Bu maddeleri daha da çoğaltabiliriz. Bu siyasetin Kürtler içindeki temsilini KDP yapmaktadır. KDP içinde de bu işin sorumlusu Barzani ailesidir. Bunlara göre siyasi parti ailelerinin tarikatıdır. Parti üyelerine ve diğer parçalardaki yandaşlarından kendilerine müritlikle bağlı olmalarını istemektedirler. Böyle bağlanmazsanız para vermem demektedirler.
KDP 2003’ten beri bu çizgisini Kürdistan’ın diğer parçalarına da dayatmak için yoğun çalışıyor. Gasp ettiği petrol paralarını bu iş için kullanıyor. KDP en çok Türk devleti ile iş tutuyor. Bu da bu çizginin ne kadar Kürtlerin demokratik uluslaşmasına karşı olduğunu gösteriyor.

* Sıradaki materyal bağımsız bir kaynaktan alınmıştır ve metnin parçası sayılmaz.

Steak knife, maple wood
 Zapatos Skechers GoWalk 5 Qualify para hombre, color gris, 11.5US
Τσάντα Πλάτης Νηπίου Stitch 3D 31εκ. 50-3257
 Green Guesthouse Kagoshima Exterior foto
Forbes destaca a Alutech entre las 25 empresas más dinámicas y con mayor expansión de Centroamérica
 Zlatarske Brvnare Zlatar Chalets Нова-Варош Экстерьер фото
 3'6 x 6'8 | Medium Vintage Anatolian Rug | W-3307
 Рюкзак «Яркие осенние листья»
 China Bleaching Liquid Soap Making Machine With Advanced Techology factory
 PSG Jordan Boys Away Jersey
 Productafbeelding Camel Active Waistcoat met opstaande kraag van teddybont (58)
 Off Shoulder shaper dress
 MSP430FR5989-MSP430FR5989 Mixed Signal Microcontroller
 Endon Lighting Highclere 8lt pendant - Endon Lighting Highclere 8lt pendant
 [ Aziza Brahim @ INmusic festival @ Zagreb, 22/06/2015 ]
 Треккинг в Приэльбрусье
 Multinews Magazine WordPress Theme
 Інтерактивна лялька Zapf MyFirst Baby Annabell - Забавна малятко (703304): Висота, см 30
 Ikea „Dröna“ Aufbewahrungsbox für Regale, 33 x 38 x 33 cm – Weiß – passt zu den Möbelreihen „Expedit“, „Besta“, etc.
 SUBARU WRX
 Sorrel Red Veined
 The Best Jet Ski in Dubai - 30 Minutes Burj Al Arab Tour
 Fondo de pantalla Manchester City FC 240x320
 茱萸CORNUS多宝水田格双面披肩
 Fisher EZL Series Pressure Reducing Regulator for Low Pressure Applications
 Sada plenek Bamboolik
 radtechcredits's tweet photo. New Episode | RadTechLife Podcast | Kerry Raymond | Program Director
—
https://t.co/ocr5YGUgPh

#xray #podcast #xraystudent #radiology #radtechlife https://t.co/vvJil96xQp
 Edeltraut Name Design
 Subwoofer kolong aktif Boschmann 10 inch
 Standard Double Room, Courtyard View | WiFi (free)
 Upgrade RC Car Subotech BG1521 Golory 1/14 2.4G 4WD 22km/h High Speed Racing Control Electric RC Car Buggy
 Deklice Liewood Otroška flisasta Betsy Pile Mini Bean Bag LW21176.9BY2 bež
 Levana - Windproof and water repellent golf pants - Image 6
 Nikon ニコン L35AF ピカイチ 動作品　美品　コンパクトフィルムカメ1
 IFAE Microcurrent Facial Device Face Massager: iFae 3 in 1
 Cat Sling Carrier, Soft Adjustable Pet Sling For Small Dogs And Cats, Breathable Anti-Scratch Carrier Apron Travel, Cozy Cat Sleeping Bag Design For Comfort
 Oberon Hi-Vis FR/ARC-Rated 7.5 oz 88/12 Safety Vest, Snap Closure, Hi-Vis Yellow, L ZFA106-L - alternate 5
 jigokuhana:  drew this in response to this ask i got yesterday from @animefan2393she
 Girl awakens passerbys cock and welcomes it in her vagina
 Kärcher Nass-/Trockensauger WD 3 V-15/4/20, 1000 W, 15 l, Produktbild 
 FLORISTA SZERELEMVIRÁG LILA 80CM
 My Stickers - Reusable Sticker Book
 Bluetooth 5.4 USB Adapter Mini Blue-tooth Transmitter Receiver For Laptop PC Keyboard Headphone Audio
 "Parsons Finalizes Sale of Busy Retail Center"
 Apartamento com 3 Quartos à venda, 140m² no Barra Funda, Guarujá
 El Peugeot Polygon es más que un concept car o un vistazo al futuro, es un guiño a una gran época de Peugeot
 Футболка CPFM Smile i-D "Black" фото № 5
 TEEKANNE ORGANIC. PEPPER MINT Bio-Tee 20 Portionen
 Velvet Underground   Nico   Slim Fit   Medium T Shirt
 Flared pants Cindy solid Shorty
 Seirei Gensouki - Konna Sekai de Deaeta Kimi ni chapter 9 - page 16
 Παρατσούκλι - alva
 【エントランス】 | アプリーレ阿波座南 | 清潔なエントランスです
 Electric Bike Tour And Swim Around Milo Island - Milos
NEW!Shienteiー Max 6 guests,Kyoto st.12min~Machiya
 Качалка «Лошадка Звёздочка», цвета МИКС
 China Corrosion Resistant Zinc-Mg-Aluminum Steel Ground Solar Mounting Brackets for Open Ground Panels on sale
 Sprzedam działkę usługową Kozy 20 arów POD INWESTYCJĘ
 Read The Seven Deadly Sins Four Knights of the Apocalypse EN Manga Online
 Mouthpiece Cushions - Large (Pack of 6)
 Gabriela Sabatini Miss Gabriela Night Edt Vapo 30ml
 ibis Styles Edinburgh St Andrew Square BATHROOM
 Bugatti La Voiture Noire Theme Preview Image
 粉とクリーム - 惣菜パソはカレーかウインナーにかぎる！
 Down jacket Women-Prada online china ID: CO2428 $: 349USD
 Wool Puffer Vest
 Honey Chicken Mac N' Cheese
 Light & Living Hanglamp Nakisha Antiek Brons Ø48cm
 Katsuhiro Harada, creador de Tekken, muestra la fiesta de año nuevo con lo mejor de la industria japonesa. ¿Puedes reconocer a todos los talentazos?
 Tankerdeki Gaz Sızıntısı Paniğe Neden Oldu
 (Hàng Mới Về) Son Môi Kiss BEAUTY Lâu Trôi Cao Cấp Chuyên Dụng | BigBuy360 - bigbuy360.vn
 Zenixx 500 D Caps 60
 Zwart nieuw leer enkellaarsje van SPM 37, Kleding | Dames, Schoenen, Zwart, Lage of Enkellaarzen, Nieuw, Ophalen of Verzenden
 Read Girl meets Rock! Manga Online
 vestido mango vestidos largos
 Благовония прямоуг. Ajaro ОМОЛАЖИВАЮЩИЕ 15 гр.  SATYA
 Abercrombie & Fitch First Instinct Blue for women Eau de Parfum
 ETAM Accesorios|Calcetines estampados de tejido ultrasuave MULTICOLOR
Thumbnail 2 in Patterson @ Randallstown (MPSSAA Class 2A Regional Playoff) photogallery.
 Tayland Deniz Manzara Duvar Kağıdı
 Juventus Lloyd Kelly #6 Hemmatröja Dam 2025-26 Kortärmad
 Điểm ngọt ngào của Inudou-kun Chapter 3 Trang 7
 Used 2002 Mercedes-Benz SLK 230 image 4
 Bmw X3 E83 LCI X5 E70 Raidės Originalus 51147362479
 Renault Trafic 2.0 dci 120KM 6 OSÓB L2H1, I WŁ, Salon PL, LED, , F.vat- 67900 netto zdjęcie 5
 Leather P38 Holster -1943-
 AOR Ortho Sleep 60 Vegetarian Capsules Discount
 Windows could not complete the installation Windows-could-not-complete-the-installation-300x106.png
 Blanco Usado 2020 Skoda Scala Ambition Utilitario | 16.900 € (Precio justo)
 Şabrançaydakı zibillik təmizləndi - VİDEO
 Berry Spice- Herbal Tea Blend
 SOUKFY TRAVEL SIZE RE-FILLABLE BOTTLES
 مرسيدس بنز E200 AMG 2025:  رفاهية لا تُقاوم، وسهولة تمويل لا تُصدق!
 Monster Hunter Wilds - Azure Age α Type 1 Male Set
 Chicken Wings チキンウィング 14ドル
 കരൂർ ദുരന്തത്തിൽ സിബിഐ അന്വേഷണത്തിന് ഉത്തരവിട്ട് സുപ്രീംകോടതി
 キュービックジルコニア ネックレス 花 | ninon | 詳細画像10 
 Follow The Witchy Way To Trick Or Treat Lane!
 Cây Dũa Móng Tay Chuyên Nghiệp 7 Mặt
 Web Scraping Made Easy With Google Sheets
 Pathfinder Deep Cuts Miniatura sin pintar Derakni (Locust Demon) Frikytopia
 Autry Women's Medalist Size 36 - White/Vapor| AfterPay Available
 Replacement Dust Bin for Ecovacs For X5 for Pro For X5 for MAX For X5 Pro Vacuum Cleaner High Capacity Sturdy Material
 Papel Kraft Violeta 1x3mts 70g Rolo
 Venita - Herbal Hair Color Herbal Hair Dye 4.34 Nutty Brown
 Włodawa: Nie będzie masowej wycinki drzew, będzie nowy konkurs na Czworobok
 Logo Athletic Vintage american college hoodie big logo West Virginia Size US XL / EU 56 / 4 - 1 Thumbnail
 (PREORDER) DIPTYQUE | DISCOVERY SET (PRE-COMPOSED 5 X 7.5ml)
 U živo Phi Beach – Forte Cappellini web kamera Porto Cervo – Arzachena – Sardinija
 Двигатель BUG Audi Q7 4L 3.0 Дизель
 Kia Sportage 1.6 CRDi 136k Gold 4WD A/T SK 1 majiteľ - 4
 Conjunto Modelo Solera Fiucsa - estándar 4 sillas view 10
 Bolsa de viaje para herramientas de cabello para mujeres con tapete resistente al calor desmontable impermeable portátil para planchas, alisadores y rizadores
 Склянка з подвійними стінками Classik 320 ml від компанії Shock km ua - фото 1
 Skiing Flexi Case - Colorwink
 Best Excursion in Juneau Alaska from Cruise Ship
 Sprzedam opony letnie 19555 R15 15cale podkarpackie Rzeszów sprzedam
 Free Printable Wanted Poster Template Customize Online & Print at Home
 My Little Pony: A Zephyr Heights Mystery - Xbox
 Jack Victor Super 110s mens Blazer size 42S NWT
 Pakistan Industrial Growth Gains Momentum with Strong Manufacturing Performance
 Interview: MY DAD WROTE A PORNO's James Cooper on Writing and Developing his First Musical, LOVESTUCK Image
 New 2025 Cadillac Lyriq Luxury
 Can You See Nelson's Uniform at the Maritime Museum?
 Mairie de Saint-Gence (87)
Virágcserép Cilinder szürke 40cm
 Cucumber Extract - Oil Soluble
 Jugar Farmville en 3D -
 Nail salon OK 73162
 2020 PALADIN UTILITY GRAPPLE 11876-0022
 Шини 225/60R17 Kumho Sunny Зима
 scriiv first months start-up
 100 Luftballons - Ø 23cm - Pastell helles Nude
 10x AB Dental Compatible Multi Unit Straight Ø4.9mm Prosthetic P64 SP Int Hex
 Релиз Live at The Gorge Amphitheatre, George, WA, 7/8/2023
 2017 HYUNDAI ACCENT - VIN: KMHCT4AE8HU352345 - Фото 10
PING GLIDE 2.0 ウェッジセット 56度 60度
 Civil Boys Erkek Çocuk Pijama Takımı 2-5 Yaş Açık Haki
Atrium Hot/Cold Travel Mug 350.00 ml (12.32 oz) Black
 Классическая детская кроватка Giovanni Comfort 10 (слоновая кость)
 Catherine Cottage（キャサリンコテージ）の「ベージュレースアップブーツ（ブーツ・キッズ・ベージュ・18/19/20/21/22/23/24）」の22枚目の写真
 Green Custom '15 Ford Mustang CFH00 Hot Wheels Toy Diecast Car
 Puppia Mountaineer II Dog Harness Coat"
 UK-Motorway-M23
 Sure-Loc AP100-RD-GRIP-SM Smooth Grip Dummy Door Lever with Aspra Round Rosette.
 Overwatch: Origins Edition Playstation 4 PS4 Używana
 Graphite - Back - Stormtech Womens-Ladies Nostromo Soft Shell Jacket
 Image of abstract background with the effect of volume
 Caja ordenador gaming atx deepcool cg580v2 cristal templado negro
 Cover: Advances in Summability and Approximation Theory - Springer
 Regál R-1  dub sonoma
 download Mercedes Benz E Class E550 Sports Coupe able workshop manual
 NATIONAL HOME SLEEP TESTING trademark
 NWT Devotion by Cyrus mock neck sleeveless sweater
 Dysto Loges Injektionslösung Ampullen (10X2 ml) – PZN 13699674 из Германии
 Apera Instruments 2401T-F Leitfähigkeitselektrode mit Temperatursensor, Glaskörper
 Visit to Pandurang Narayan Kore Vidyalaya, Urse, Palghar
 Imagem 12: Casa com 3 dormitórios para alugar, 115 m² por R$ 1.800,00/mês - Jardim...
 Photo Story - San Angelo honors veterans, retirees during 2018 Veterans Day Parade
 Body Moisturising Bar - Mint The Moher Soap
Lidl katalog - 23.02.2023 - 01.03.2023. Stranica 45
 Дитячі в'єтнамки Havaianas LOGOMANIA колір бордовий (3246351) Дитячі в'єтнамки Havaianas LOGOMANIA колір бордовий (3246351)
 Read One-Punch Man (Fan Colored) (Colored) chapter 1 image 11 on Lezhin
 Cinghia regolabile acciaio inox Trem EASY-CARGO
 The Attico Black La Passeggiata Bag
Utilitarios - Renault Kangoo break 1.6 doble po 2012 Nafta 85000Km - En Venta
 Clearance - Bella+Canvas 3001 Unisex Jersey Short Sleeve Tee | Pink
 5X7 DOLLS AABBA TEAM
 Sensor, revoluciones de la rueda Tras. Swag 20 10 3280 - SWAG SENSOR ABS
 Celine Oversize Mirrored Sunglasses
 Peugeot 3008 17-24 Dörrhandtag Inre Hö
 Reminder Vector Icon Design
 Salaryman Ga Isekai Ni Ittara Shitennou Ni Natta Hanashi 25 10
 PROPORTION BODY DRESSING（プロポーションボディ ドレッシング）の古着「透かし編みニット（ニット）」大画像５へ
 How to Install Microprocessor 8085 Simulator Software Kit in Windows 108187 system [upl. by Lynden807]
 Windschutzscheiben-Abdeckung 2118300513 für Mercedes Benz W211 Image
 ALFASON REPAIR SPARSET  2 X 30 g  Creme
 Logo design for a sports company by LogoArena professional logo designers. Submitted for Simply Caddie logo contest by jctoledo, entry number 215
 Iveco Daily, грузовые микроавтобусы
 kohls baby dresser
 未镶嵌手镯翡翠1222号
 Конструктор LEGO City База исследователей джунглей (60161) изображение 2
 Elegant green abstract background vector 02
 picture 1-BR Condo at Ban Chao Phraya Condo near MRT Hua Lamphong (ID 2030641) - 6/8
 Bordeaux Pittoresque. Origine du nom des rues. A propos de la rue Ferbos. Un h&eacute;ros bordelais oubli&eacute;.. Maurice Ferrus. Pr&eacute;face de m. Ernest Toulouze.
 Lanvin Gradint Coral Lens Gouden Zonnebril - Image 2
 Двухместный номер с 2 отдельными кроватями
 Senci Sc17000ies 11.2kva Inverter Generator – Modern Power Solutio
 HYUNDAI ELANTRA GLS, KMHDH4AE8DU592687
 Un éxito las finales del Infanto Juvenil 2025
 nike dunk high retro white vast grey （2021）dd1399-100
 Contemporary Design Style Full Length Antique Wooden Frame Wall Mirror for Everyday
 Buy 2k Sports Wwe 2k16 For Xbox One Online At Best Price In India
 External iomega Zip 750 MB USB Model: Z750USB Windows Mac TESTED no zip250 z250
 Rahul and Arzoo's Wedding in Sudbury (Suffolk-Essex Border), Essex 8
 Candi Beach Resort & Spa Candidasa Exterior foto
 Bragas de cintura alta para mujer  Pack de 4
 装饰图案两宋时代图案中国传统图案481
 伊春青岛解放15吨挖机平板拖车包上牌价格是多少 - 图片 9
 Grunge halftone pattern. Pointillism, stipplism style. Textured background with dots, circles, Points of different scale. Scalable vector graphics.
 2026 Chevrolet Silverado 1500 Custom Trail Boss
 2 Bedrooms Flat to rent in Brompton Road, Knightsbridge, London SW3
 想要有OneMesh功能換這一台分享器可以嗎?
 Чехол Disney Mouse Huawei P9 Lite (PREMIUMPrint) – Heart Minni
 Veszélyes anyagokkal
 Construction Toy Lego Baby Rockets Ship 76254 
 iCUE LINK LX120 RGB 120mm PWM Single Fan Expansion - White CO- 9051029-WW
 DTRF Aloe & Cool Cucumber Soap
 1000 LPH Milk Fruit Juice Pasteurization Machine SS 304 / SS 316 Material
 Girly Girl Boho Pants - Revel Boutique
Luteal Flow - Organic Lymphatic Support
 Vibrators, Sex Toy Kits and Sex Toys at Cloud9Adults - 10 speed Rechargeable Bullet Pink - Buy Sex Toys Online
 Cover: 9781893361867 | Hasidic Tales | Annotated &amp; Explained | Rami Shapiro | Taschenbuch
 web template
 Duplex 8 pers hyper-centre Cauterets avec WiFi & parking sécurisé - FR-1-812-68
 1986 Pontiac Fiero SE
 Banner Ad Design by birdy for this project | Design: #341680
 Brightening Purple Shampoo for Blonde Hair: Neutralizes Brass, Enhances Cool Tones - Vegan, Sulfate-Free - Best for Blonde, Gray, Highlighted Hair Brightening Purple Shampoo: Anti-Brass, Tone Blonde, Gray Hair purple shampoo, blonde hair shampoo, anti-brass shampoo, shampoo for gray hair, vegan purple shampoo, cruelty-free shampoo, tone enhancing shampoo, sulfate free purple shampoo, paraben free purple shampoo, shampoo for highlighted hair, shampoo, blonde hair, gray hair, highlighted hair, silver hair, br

Bu çizgisini şimdilerde Türklerin desteği ile ENKS adı altındaki guruplarla Rojava’ya dayatmak istiyor.
KDP siyasetinin Kürt ve Kürdistan karşıtı olduğu artık çok daha netleşmiştir. Bu, Heftanin’de Türklerin saldırısında ortaya çıkmıştır. Son günlerde Rojava ile Başur arasında hendek kazmaya başlamıştır. Burada Saddam’ın eski kalelerini onarmakta, tahkim etmektedir. Buralara yerleştirdiği teknik ekipmanlarla Rojava’yı izlemekte ve dinlemektedir. Aldığı bilgileri Türklere vermektedir. Oradaki kimi kameraların başında doğrudan Türk MİT elemanları oturmaktadır. Bu siyaset işgalcilerin yıllardır uyguladıkları siyasetin yeni teknik ekipmanlarla sürdürülmesidir.
Kürdistan parçalarını düşmanlarımız parçalamıştır. Parçalar arasında sınır kapılarını işgalciler yapmış, mayınlar döşemiş, teller çekmiş, hendekler kazmış, duvarlar yapmıştır. KDP aynı bu geleneği sürdürüyor. Demek ki Başurda halkın da söylediği gibi Saddam gitmemiştir. Tüm bunlar bizim bir şeyler söylememizi anlamsız da kılıyor. KDP yaptıkları ile kim olduğunu, kimden yan ve dost kime düşman olduğunu yaptıklarıyla gösteriyor.
KDP’nin Başur merkezli, aparatlarıyla da diğer parçalarda yaptıklarına Kürt halkı olarak artık sessiz kalmamalıyız. Başur’da KDP’yi sıfırlamak gerekir. ENKS denilen yapıyı halka ve ülkeye ihanet suçunda ötürü tutuklamak ya da dağıtmak gerekir. Rojava yönetimi yapmıyorsa da halkın sokağa dökülmesi gerekir. Sömürgeci Türklerin içimizde yeri yok kararlılığını artık pratikte de göstermenin zamanı gelmiştir.